Put the profile into complain mode
sudo aa-complain /etc/apparmor.d/usr.bin.firefox
Complain lets the program run unrestricted while AppArmor logs violations. This is safer than a hard disable because you can still see what would have been blocked.
Verify the change
sudo aa-status | grep "complaining"
You should now see your profile listed under “complain mode”.
Why complain? It gives you a chance to review the audit log (/var/log/syslog or journalctl -k) and decide whether you need a custom rule instead of turning protection off completely.
Disabling the entire AppArmor subsystem
If you’re troubleshooting a batch of apps that all break after an update, you can stop the service. Remember: this removes a layer of security, so turn it back on as soon as you’ve verified everything works.
sudo systemctl stop apparmor.service
The command stops the daemon immediately; any processes already confined stay in their current state until they exit. To make sure nothing restarts it automatically, mask the unit:
sudo systemctl mask apparmor.service
Masking creates a symbolic link to /dev/null, preventing any other service from pulling AppArmor back up.
Re‑enabling AppArmor
When you’re ready to bring the guard back:
Unmask (if you masked it)
sudo systemctl unmask apparmor.service
Start and enable at boot
sudo systemctl start apparmor.service
sudo systemctl enable apparmor.serviceenable writes a symlink into the appropriate run‑level directory so the daemon launches on every boot.
Put any previously complained profiles back to enforce mode
sudo aa-enforce /etc/apparmor.d/usr.bin.firefox
This restores the original confinement rules for that program.
Common pitfalls
- Forgot to reload after editing a profile – after tweaking /etc/apparmor.d/... you must run sudo apparmor_parser -r /path/to/profile.
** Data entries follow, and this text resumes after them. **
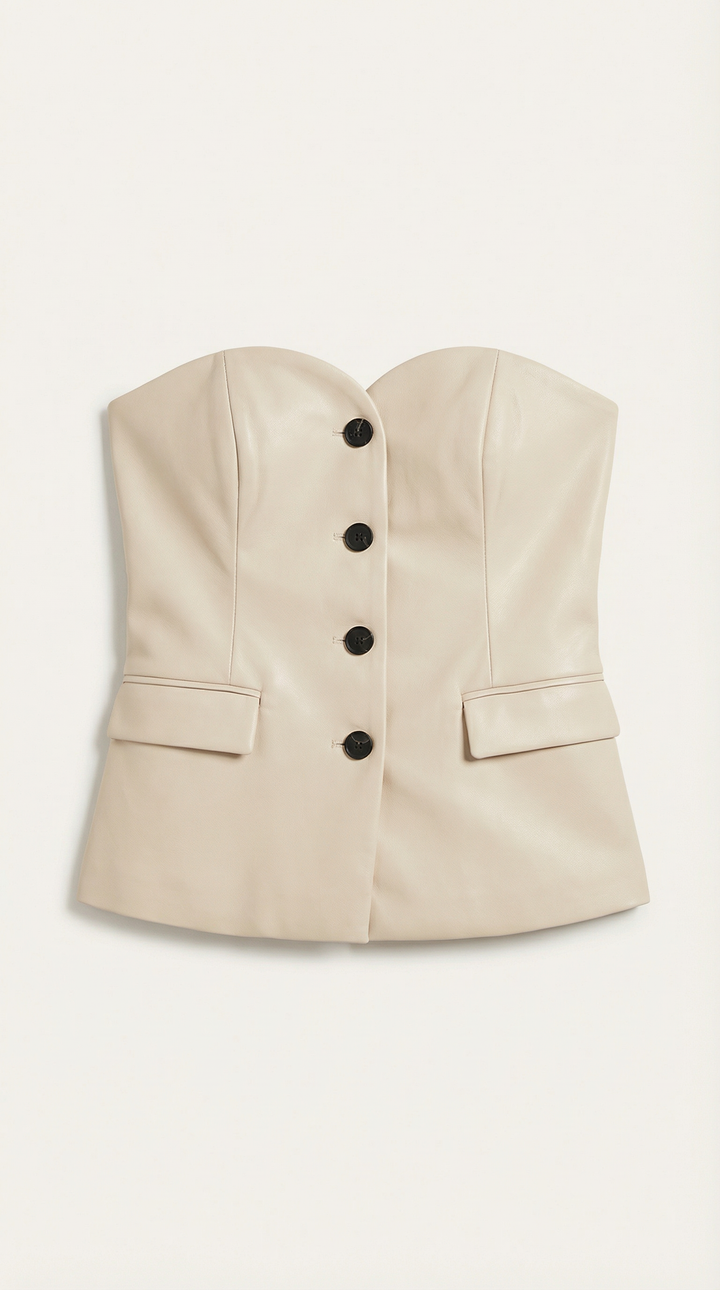 Fiona Strapless Blazer Top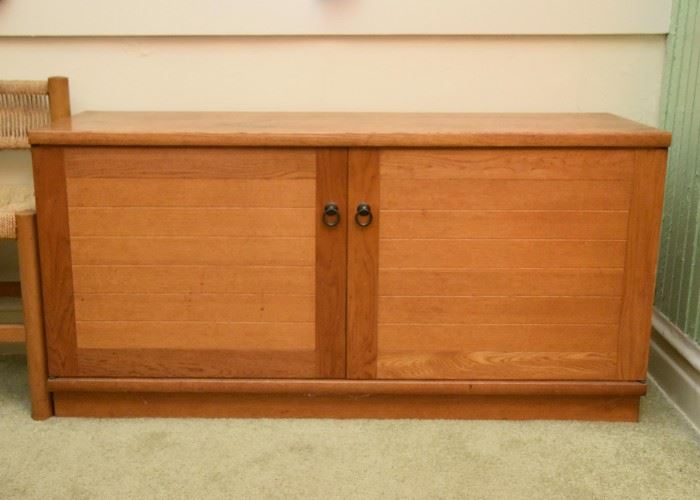 Vintage 2-Door Wood Cabinet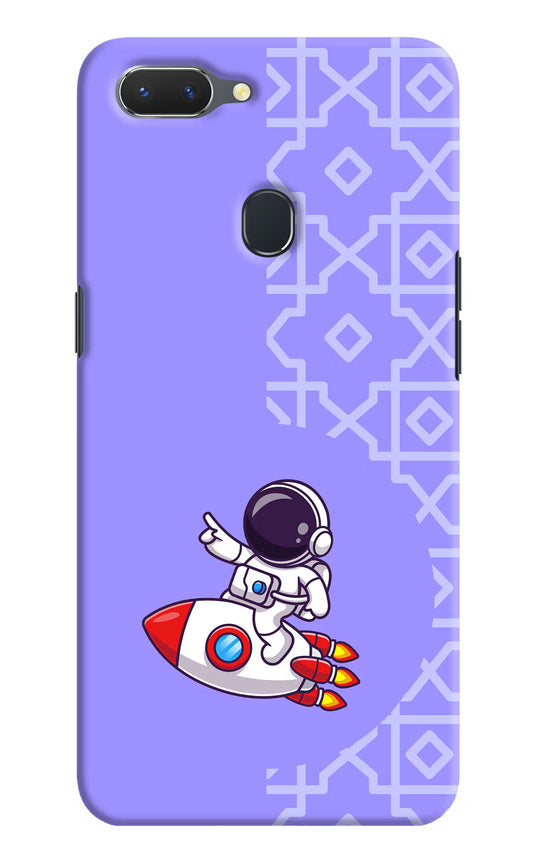 Cute Astronaut Realme 2 Hard Case Back Cover by Casekaro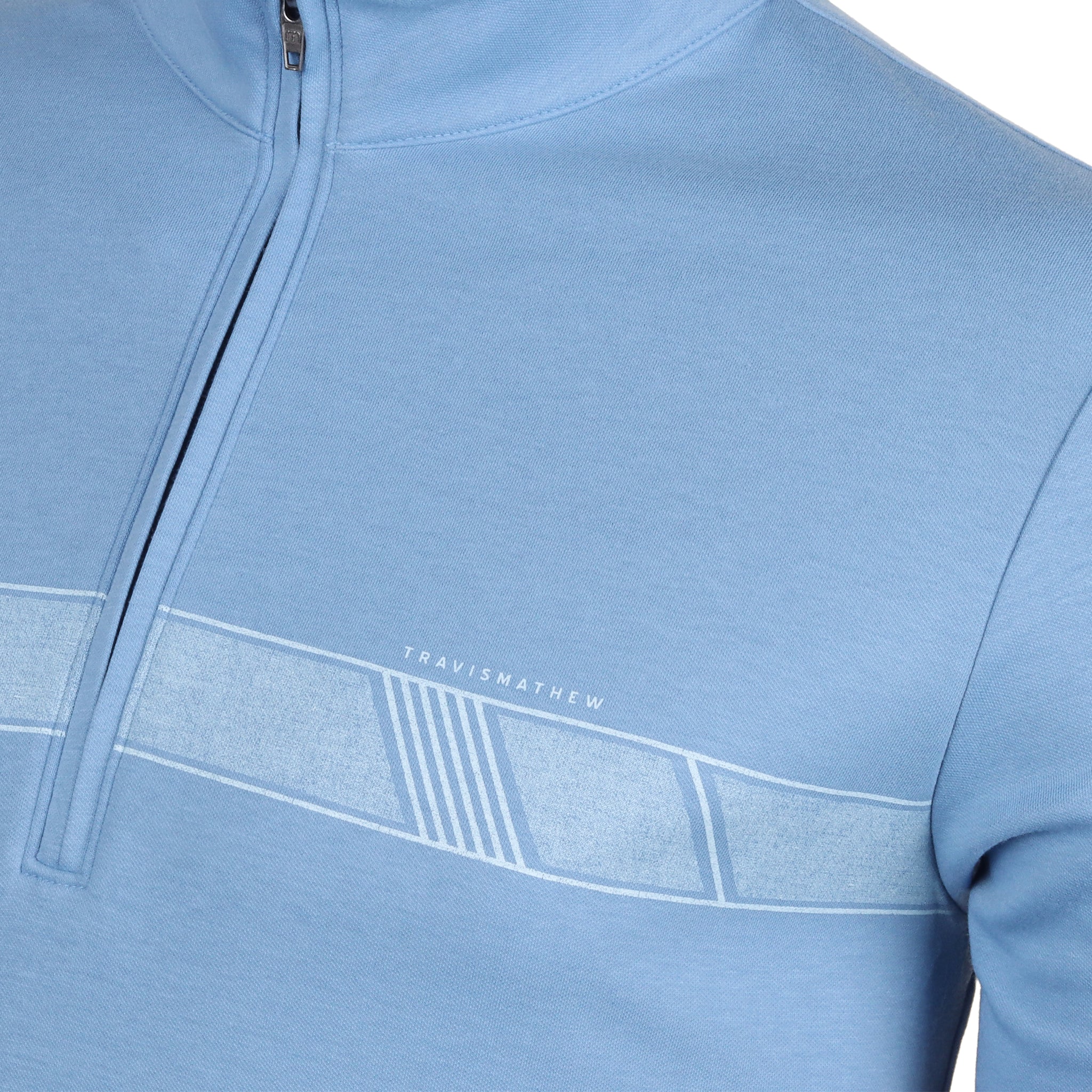 TravisMathew Upgraded Chest Stripe 1/4 Zip Quiet Harbour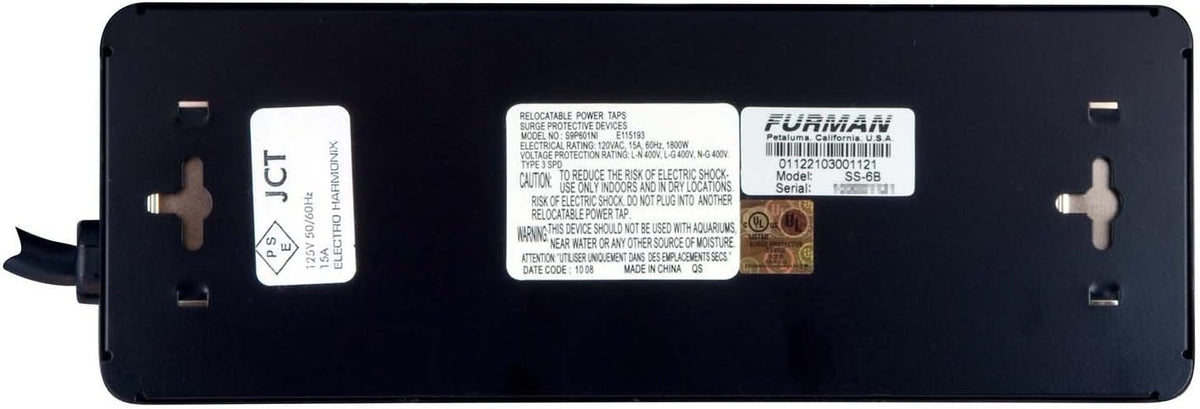 Furman Power Conditioner SS6B [New Improved Version] - PuriLite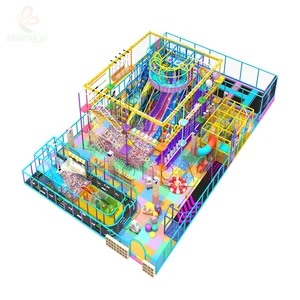 ABAM China Manufacturer Indoor Playground Equipment Theme Castle Plastic Adventure Park Indoor Playground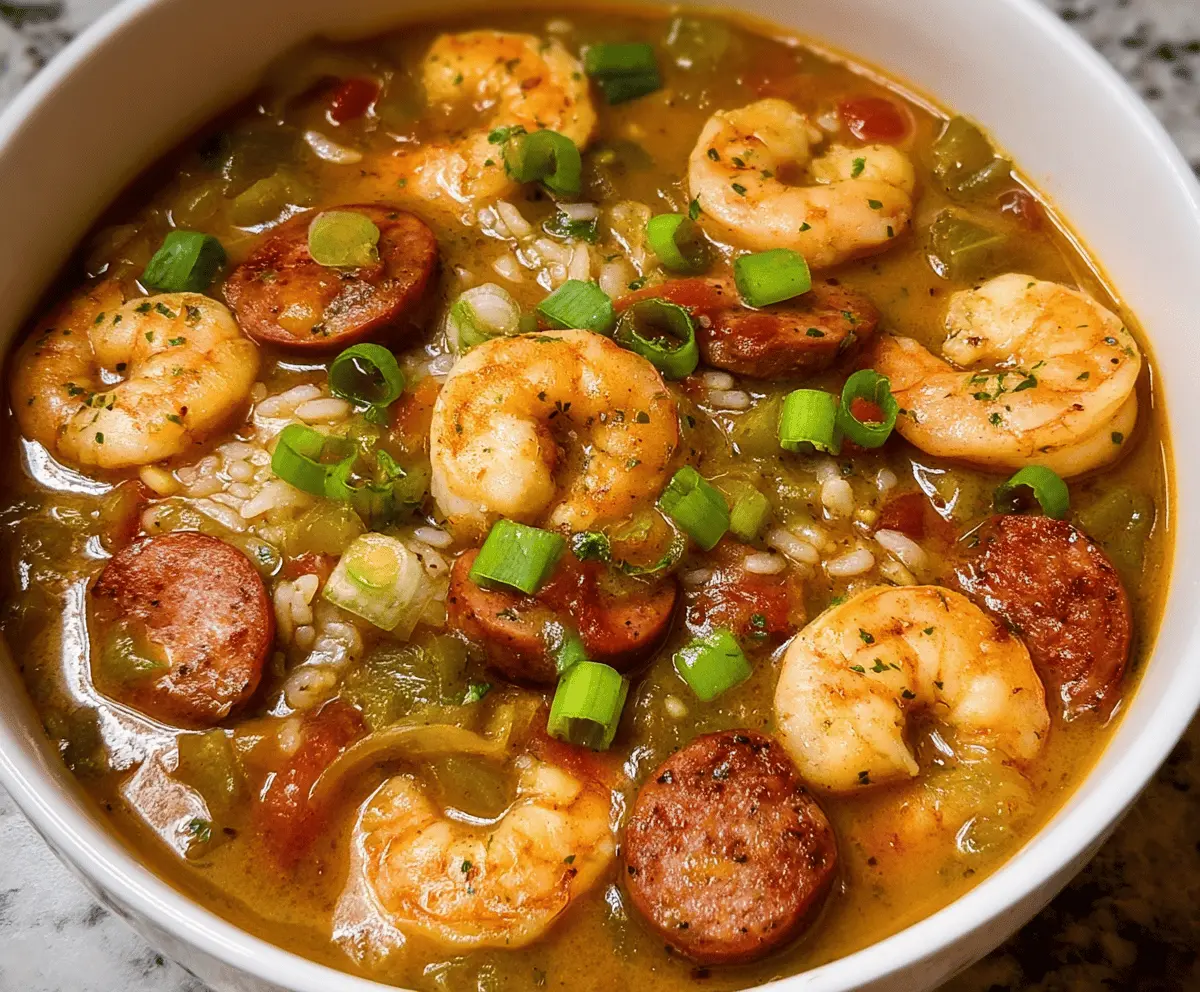 Shrimp And Sausage Gumbo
Skipping this leaves the old version active.
- Masking instead of disabling – masking is overkill if you just want a temporary stop. A simple systemctl stop lets the service start again on reboot without extra unmask steps.
TL;DR cheat sheet
| Action | Command |
|---|---|
| Check status | sudo systemctl status apparmor.service |
| Disable whole thing (stop) | sudo systemctl stop apparmor.service |
| Prevent auto‑start (mask) | sudo systemctl mask apparmor.service |
| Re‑enable (unmask + start) | sudo systemctl unmask apparmor.service && sudo systemctl start apparmor.service && sudo systemctl enable apparmor.service |
| Put one profile into complain mode | sudo aa-complain /etc/apparmor.d/<profile> |
| Return that profile to enforce | sudo aa-enforce /etc/apparmor.d/<profile> |
That’s it. Play around, break a few things, and then lock them down again – that’s how you learn what AppArmor really does.